Rolls Royce is making an attempt to speed up the adoption of metal 3D printing for the manufacturing industry. The center for the research is being done at a prestigious facility that has been the source of many advancements across science and technology. These developments include the translation of the Dead Sea Scrolls, a deeper understanding of HIV and finding a way for scientist to unwrap complex protein receptors.
Now the facility, located in Oxfordshire and known as the Diamond Light Source, is helping Rolls Royce’s mission to improve the quality of additive manufactured parts. The automotive manufacturer is teaming up with AMAZE, a group of 26 European institutions from academia and industry. The project will be using the national synchrotron facility at Harwell, Oxfordshire to find details on the high energy conditions inside a metal 3D printer.

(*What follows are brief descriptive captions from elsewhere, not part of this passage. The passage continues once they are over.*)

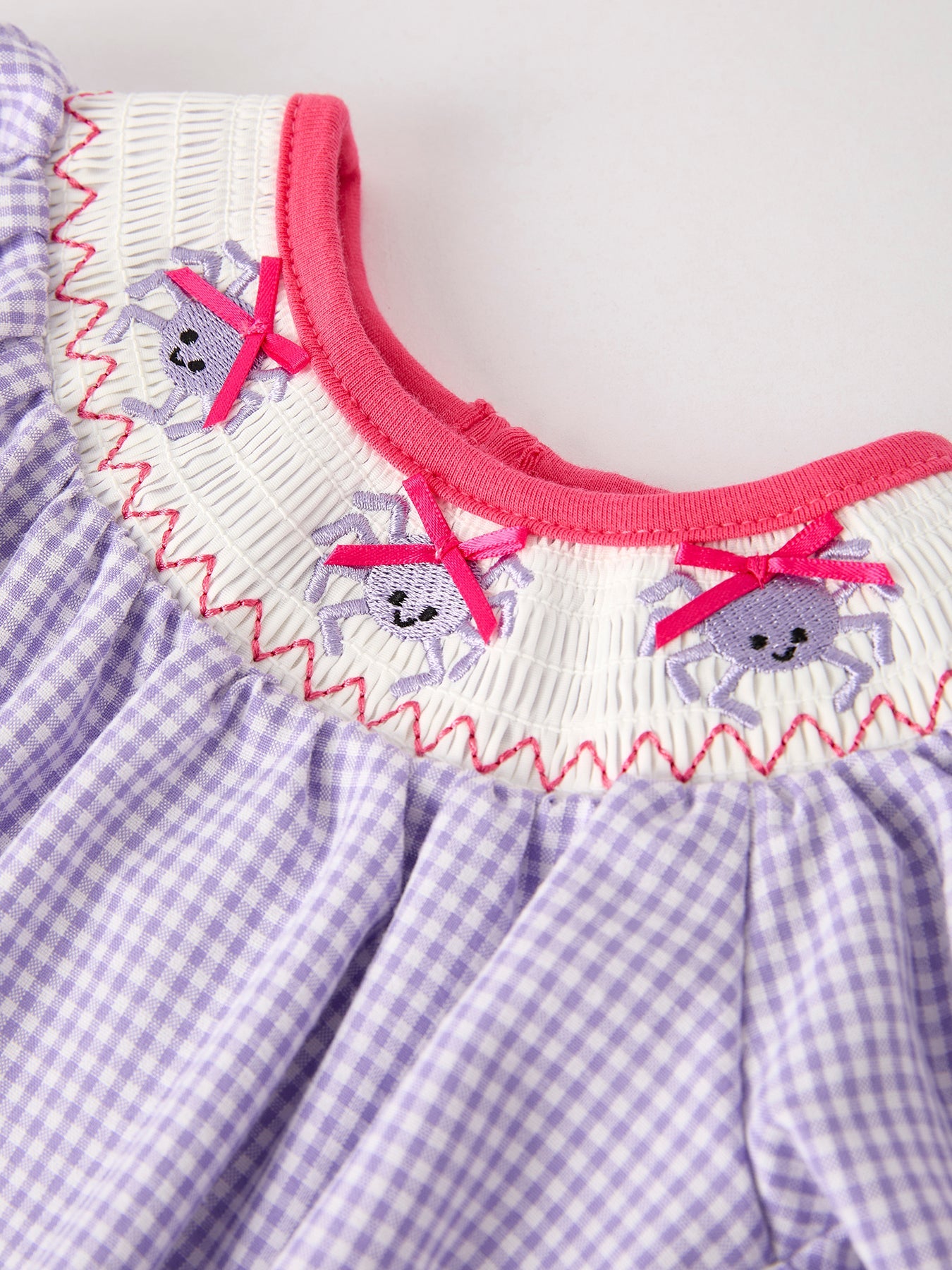 Halloween Spider Smock Embroidery Purple Girls Romper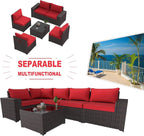 Kullavik Outdoor Patio Furniture Set 6 Pieces Sectional Rattan Sofa Set Brown - Image 6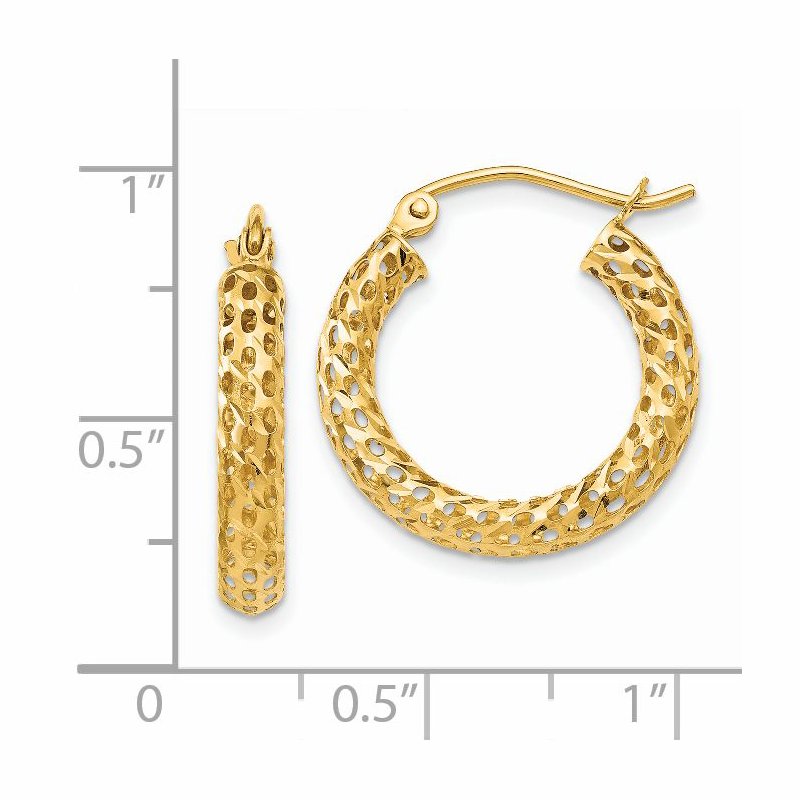 14k Mesh Hoop Earrings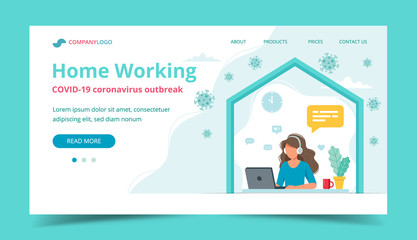 Home office, woman working from home. Landing page or banner template. Vector illustration in flat style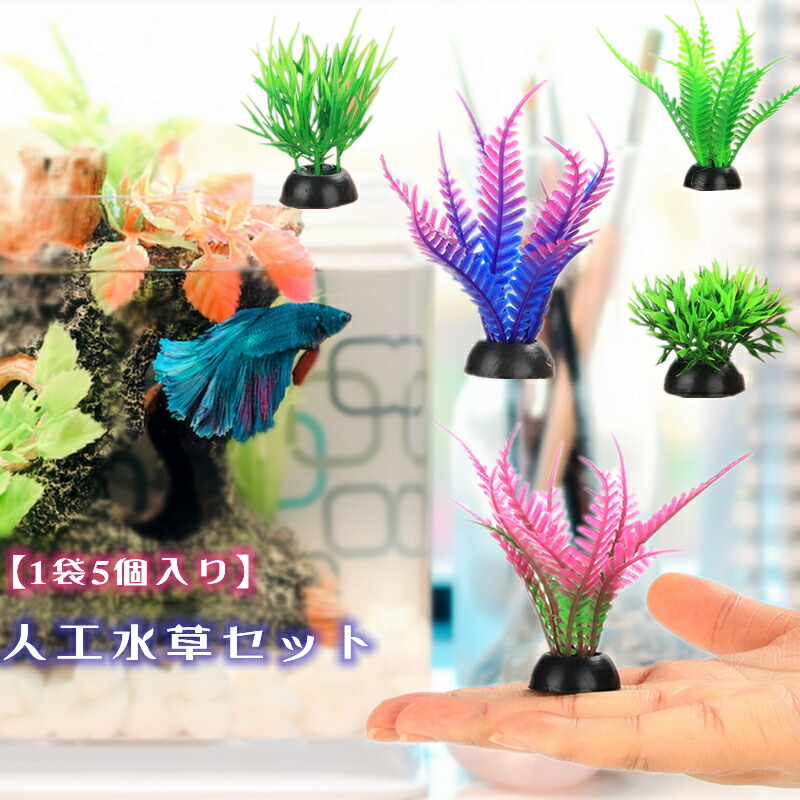 楽天市場】【1袋5個入り】 人工水草セット 5点セット Sサイズ 水槽用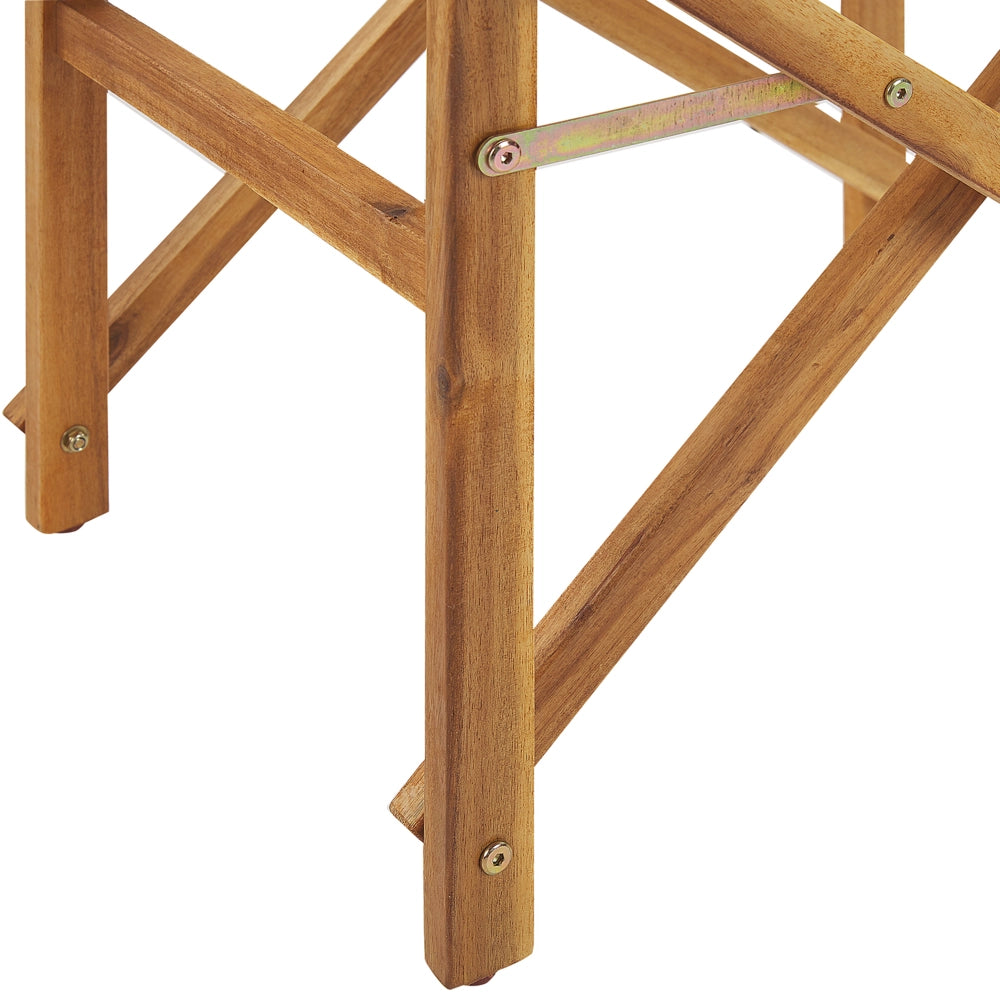 Set di 2 Sedie da Regista in Legno Chiaro di Acacia e Bianco Sporco Pieghevoli
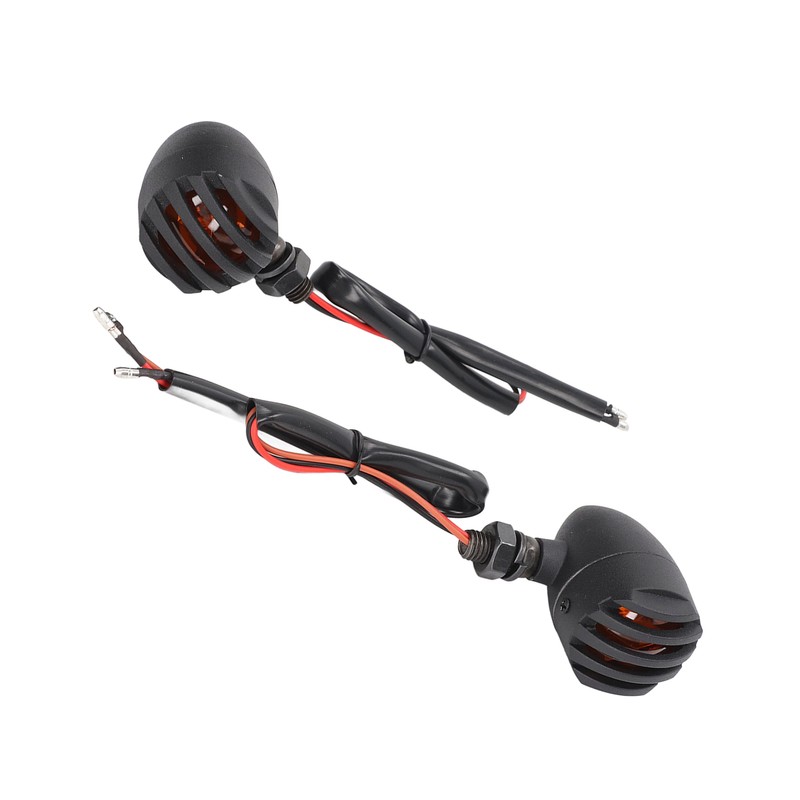 Pair Motorcycle Turn Signal Light with Grill Cover 3 Wires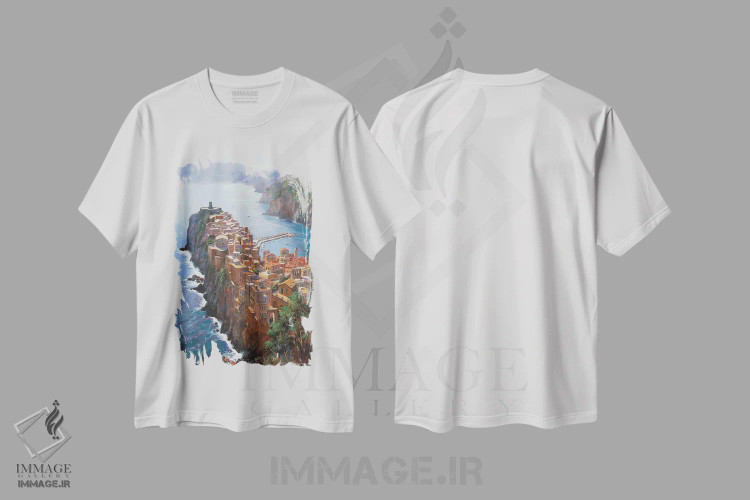 تیشرت سفید طرح دار – تیشرت طبیعت ,بلندای ورنازا اثر ماهر مرکوس فروشگاه ایماژ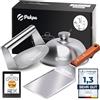 PUKPU Kit Smash Burger 3 Pezzi - Pressa Hamburger, Spatola Inox e Cloche Formaggio per Piastra Smash Burger e Barbecue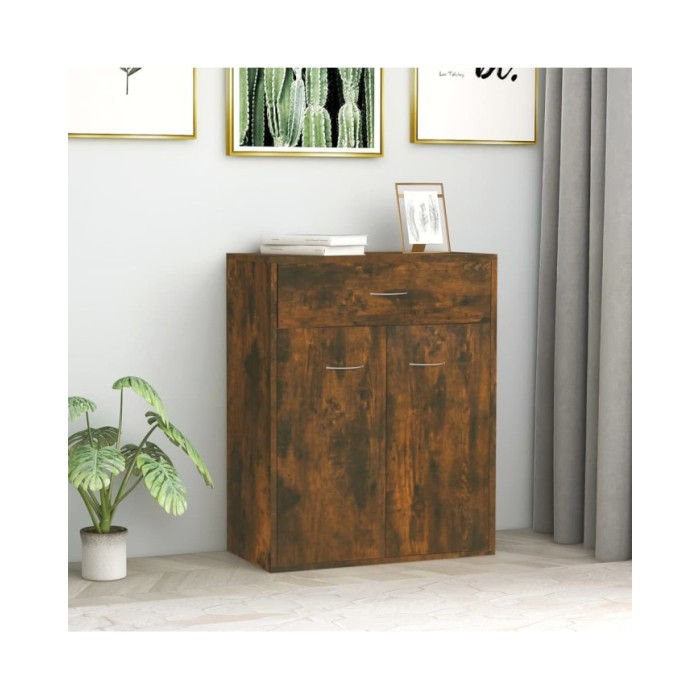  Buffet Chêne fumé 60x30x75 cm Bois d'ingénierie	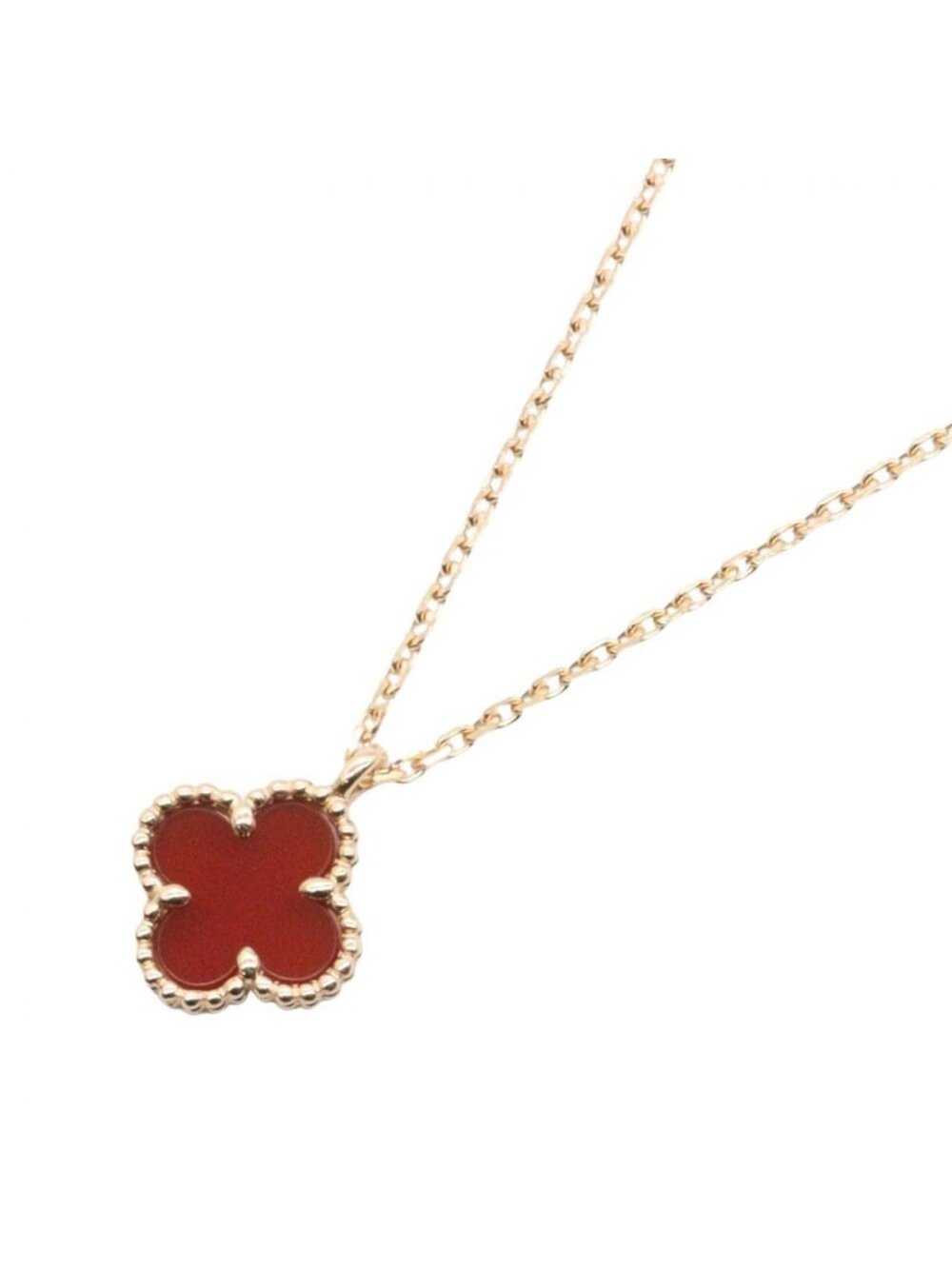 Van Cleef & Arpels Necklace Sweet Alhambra Carnelian 40.5 18k Pink Gold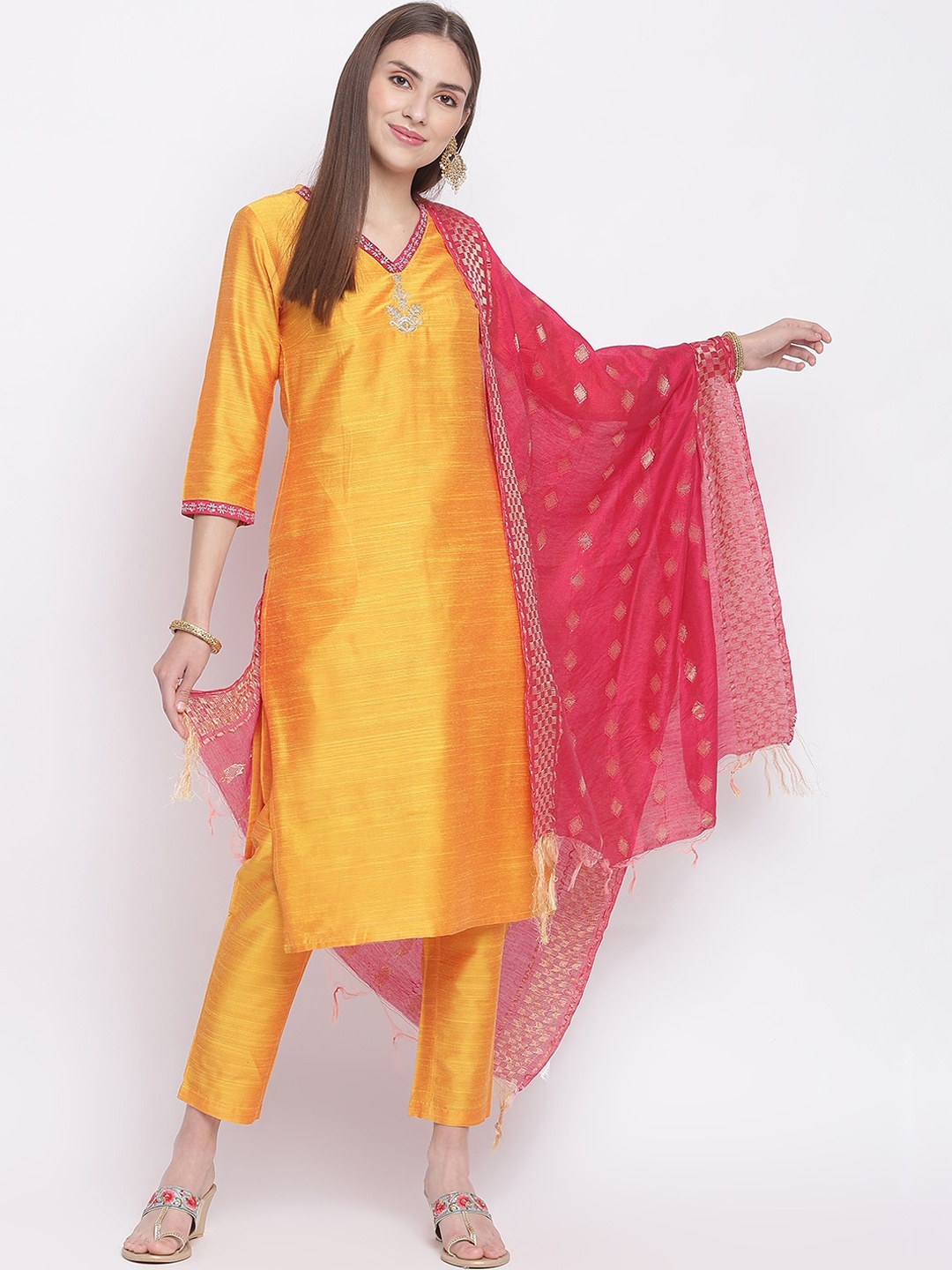 

IMARA Women Mustard Yellow & Pink Kurta with Trousers & With Dupatta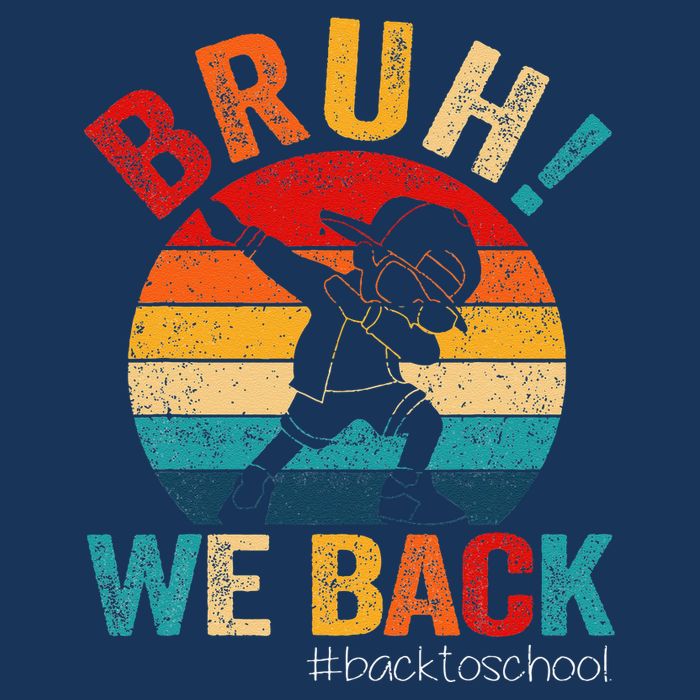 Groovy Bruh We Back Teachers Funny Back To School Flat Bill Trucker Hat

The synchrotron allows researchers to use X-Ray technology to examine the rate and consistency that a 3D metal printer deposits layers. The idea of the project is to collect a multitude of data that will help create an algorithm that will take using additive manufacturing to the next step.
It is no surprise that Rolls Royce is heading this research, the company has found success in 3D printing for the aerospace industry for over a decade. One specific technique that the company uses is direct energy deposition, which involves metal powder being deposited, melted and solidified coherently.
Rolls Royce is able to use blown powder to create bladed disks for engines. When one of these disks is damaged under intense heat pressure, direct energy deposition can be used to repair the part, the repaired area can then be milled back down to the required finish.
“The controllable point [of laser metal deposition is] just above the surface, where the laser hits the powder. No one actually knows what happens from then on. We are not really sure whether the laser is melting it on the surface or melting the powder in the air.” (http://bit.ly/2z1iyql) Said Peter Lee, a Professor of Materials Imaging at the University of Manchester.
To understand this process and the particle level reactions occurring inside the printer, the synchrotron captures a slowed down image and analyses the process at 10,000 frames per second. The researchers are able to do this by circulating electrons around a storage ring almost at the speed of light, which then produces a light 10 billion times brighter than the sun. This will allow the scientist to gain a deeper understanding of the process, specifically how and why surface fluctuations and imperfections occur.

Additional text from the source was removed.